Junta chief defends make-up of National Legislative Assembly
August 02, 2014 01:00 By The Nation 8,845 Viewed
The junta chief last night defended the composition of the National Legislative Assembly, which critics say has too many military figures.
General Prayuth Chan-ocha said he was aware of the criticism that the NLA was not democratically set up and that different groups in society were not equally represented. However, he said, the focus should be more on the end result of achieving national reform.
“In addition to the factors of knowledge, ability, confidence and trust, it is necessary to focus on effectiveness, unity and the ability to respond to the NLA’s main mission, which is achieving national reform within the short-term period of one year,” Prayuth said.
Speaking on his weekly “Returning Happiness to People in the Country” TV show, he added that with the formation of a new government, there would be “temporary Thai-style democracy”. His weekly programme is broadcast every Friday night.
Of the 200 NLA members, 105 are military officers, 66 of whom are active, and 10 members hail from the police force. The remaining 85 members are former senators, university rectors and businesspeople.
His Majesty endorsed the list of NLA members on Thursday night.
The National Council for Peace and Order (NCPO) chief said that members of the soon-to-be created interim cabinet and National Reform Council would also be selected.
“They will both consist of military officials, civil servants and people who support us. Please pay attention to how they could help the nation,” he said.
Separately, Senate secretary-general Norarat Pimsen said yesterday that her office would look into reports that General Thawatchai Samutsakorn may not qualify for NLA membership, because he was previously a member of the Chart Pattana Party.
Aziz Phitakkumpon, the Chularatchamontri or Sheikhul Islam of Thailand, has also chosen not to take up the offer to be an NLA member, a close aide said. Aziz will write to the junta chief explaining that his role as Muslim spiritual leader in Thailand is the highest he ever wanted, and prefers not to accept any other position.
Meanwhile, the Association of Organisations Protecting the Thai Constitution pointed out in a statement that the fact that military and police officers made up to 56 per cent of the NLA went against the interim charter’s Article 7.
The group, led by activist Srisuwan Janya, said the appointment of NLA members should also take into consideration knowledge and experience as well as ensure they come from different sectors, which may help in the assembly’s performance.
The group said it would on Monday file a petition with the Office of the Ombudsman, asking for a Constitutional Court ruling on whether the NLA’s composition is constitutional. It will also seek a court order telling the NLA members to suspend their duties pending final judgement.

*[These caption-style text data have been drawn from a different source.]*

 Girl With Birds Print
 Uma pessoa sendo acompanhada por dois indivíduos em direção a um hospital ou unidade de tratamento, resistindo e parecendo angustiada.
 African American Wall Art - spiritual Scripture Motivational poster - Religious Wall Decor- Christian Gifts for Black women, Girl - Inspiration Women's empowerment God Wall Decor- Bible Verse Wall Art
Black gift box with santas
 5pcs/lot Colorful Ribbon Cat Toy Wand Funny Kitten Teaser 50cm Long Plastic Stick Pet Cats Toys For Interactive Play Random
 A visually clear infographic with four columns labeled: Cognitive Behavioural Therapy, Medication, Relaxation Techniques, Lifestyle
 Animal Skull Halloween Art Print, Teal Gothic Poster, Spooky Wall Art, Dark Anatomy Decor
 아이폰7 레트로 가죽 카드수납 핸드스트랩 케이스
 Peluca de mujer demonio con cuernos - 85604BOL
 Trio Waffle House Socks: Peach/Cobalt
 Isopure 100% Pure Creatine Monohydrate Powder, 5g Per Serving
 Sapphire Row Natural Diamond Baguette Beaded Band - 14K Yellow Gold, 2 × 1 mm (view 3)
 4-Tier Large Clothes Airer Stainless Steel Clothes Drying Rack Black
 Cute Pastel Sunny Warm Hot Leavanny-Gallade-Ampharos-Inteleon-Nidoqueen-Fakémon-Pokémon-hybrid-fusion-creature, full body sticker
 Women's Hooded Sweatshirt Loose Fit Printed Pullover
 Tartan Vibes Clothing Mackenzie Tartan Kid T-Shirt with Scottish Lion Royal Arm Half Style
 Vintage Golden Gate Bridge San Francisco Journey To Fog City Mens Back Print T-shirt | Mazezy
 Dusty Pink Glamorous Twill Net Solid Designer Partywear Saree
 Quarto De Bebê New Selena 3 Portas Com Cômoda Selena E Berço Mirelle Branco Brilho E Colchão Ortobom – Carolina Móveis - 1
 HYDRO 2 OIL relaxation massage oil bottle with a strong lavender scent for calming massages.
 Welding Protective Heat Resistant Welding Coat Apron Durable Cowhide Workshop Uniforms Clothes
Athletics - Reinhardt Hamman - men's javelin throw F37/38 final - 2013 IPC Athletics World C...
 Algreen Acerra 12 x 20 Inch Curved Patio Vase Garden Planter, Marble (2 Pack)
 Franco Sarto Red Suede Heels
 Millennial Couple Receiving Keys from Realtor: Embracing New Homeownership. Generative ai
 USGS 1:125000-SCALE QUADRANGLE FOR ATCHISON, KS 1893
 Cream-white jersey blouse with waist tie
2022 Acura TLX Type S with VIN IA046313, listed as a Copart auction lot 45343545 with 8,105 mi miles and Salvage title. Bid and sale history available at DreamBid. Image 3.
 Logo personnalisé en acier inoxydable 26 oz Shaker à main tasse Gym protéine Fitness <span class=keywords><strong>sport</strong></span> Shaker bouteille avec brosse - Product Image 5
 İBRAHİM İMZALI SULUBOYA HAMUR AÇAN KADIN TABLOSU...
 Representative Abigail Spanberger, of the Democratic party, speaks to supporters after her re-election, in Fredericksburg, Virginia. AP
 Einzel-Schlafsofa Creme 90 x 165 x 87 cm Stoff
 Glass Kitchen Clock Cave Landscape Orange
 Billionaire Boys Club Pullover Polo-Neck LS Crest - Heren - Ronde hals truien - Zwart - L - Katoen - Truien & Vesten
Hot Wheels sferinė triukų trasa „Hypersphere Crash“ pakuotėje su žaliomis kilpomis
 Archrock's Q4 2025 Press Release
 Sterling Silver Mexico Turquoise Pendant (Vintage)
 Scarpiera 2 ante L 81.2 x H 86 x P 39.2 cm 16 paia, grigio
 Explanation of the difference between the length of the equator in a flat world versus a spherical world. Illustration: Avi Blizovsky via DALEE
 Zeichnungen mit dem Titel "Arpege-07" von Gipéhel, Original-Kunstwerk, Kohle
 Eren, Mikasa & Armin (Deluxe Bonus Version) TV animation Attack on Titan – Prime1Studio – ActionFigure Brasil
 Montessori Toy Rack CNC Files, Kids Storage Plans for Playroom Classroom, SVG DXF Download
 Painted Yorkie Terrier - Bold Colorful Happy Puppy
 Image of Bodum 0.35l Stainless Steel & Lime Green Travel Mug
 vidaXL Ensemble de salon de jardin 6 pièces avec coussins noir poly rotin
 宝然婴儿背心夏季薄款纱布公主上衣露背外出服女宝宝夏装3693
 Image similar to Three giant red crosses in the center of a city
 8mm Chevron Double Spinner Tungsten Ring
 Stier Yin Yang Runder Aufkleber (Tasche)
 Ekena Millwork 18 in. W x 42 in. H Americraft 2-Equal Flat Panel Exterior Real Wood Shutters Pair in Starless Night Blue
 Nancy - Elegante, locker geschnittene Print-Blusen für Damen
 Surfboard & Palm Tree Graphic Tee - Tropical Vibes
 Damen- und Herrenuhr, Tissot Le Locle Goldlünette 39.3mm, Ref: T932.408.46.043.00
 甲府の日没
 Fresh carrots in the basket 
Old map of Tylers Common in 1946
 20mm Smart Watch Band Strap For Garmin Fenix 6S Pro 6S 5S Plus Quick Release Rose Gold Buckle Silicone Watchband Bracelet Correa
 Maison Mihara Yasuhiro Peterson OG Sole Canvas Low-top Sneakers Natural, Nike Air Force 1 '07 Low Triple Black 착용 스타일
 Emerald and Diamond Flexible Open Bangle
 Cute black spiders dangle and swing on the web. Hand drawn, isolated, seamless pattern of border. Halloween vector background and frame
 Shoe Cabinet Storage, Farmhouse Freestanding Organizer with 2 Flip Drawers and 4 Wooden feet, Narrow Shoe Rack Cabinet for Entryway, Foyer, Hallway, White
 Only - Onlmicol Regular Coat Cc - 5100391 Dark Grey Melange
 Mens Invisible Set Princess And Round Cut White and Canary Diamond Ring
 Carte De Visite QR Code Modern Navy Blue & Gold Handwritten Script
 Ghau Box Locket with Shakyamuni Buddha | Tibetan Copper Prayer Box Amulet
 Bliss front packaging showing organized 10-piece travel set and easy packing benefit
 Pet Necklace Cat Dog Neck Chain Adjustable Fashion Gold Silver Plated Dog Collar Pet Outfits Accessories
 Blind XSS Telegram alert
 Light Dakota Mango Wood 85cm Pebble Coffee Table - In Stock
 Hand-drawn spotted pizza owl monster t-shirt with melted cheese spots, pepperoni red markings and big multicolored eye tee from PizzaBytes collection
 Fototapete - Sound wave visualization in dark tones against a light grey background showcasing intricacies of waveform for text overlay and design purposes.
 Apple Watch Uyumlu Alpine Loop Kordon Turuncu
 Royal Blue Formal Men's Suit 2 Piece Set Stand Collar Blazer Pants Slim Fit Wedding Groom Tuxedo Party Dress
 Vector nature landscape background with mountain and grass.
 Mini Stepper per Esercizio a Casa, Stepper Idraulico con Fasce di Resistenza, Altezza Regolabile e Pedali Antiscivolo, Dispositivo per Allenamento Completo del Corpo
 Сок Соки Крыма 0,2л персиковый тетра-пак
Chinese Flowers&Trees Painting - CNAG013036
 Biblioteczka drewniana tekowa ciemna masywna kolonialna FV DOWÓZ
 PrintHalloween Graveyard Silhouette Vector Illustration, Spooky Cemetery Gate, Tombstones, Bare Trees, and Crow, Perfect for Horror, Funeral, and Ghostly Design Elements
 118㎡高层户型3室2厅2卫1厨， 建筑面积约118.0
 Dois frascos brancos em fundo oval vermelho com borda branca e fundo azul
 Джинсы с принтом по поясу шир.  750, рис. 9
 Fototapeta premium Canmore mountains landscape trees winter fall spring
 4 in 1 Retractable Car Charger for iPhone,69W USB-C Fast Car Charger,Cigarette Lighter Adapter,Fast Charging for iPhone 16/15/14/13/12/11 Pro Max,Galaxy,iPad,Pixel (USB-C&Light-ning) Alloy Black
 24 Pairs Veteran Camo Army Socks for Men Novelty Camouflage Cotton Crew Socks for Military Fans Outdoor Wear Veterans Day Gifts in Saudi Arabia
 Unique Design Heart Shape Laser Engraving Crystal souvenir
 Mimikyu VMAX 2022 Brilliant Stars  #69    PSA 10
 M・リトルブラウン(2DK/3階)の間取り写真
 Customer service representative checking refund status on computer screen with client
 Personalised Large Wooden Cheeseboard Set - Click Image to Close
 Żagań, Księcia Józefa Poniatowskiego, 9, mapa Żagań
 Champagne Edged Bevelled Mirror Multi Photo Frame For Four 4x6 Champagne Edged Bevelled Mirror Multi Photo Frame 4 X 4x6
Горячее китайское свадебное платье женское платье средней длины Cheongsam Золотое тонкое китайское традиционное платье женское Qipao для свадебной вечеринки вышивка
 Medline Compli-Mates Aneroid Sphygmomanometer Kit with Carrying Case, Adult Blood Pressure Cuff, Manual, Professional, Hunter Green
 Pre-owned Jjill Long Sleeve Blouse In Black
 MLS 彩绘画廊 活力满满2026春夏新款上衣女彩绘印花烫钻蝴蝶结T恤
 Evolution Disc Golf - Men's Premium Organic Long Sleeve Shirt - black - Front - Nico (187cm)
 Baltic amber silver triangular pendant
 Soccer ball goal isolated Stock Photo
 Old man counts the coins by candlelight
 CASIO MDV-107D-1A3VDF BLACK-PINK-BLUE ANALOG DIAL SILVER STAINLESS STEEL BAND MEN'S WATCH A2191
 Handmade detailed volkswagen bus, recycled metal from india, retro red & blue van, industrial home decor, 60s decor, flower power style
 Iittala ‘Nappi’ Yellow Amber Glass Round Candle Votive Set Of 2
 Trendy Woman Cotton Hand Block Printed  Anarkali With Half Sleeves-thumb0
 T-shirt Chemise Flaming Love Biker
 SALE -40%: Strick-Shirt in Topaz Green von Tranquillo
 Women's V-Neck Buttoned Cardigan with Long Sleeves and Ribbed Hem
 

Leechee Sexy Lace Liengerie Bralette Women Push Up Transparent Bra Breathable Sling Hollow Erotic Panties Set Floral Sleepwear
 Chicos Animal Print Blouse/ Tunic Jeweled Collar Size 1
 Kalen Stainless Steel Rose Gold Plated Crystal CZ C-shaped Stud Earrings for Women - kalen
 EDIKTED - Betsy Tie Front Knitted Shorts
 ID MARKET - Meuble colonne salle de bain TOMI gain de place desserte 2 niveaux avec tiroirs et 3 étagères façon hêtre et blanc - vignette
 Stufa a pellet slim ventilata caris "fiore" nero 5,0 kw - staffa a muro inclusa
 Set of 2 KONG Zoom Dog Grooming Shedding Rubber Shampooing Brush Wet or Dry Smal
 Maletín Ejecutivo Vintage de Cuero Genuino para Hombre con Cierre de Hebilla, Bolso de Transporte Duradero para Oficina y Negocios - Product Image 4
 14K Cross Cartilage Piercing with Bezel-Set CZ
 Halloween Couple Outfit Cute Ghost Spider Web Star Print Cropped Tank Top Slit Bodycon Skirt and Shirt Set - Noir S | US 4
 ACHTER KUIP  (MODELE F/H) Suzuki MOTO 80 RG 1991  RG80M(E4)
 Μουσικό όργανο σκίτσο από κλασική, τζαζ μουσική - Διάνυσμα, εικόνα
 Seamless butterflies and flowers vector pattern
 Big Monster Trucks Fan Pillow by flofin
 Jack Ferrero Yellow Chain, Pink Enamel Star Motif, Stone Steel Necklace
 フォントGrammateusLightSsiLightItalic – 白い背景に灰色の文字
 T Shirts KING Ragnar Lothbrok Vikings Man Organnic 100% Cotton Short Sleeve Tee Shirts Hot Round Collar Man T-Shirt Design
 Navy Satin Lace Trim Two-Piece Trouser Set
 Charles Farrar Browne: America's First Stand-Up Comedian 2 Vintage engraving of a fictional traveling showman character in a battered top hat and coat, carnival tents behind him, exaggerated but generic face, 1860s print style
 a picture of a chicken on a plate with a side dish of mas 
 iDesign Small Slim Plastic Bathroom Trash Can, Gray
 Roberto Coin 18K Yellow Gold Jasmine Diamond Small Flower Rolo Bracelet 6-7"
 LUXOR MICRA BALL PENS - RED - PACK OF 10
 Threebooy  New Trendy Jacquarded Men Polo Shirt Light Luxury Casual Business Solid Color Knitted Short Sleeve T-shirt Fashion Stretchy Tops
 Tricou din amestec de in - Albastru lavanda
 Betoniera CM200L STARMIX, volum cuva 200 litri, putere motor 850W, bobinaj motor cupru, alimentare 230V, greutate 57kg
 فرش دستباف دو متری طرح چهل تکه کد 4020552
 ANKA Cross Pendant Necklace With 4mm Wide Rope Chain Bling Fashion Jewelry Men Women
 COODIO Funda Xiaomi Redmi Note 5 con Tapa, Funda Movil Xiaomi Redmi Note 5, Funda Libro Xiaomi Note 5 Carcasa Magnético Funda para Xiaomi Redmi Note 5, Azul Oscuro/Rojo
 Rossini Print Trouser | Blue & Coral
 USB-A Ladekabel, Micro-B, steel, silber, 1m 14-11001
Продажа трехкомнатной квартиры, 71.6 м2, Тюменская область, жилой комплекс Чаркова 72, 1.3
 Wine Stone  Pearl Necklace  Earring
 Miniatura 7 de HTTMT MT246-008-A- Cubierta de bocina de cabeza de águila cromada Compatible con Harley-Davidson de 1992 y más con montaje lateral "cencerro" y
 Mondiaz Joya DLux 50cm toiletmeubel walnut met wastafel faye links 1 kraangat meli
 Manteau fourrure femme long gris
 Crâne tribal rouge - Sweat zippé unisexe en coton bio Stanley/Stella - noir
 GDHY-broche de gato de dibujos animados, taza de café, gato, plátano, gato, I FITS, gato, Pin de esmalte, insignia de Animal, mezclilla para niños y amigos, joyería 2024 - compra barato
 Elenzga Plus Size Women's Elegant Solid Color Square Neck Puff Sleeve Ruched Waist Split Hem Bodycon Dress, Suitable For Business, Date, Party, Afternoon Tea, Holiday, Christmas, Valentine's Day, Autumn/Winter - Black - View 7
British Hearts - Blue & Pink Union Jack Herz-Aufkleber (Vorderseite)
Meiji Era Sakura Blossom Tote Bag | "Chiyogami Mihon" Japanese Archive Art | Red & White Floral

Democrat Party leader Abhisit Vejjajiva said yesterday that the NLA’s composition was not surprising, as the NCPO needed lawmakers who would follow its policies.
Prachak Kongkirati, a Thammasat University political scientist, said criticism was inevitable as the NLA members had not been elected – a fact that was no different from previous post-coup legislatures. He added that it required mass-media scrutiny to ensure transparency.
Political scientist Assadang Panikabutr called on NLA members to focus on national interest rather than personal benefit.
Chaiyan Chaiyaporn, a political-science lecturer at Chulalongkorn University, urged the NLA to heed public opinion as much as possible before making any decisions.
On its first day yesterday, 34 of the 200 NLA members reported to work at Parliament. NLA members have until Tuesday to report for work before the assembly convenes for the first time on August 7.
Pornpetch Wichitcholchai, legal adviser to the junta chief, is tipped to be chosen as NLA president.
The NLA includes several figures seen as being against of the “anti-Thaksin regime”. They include former National Anti-Corruption Commission secretary-general Klanarong Chanthick, and former senators such as Surachai Liangboon-lertchai, Somchai Sawaengkarn, General Somjetn Boonthanom; Tuang Untachaiand; and Jetn Sirataranond.
The only figure who is on Thaksin’s side is a former permanent secretary for Defence, General Nipat Thonglek.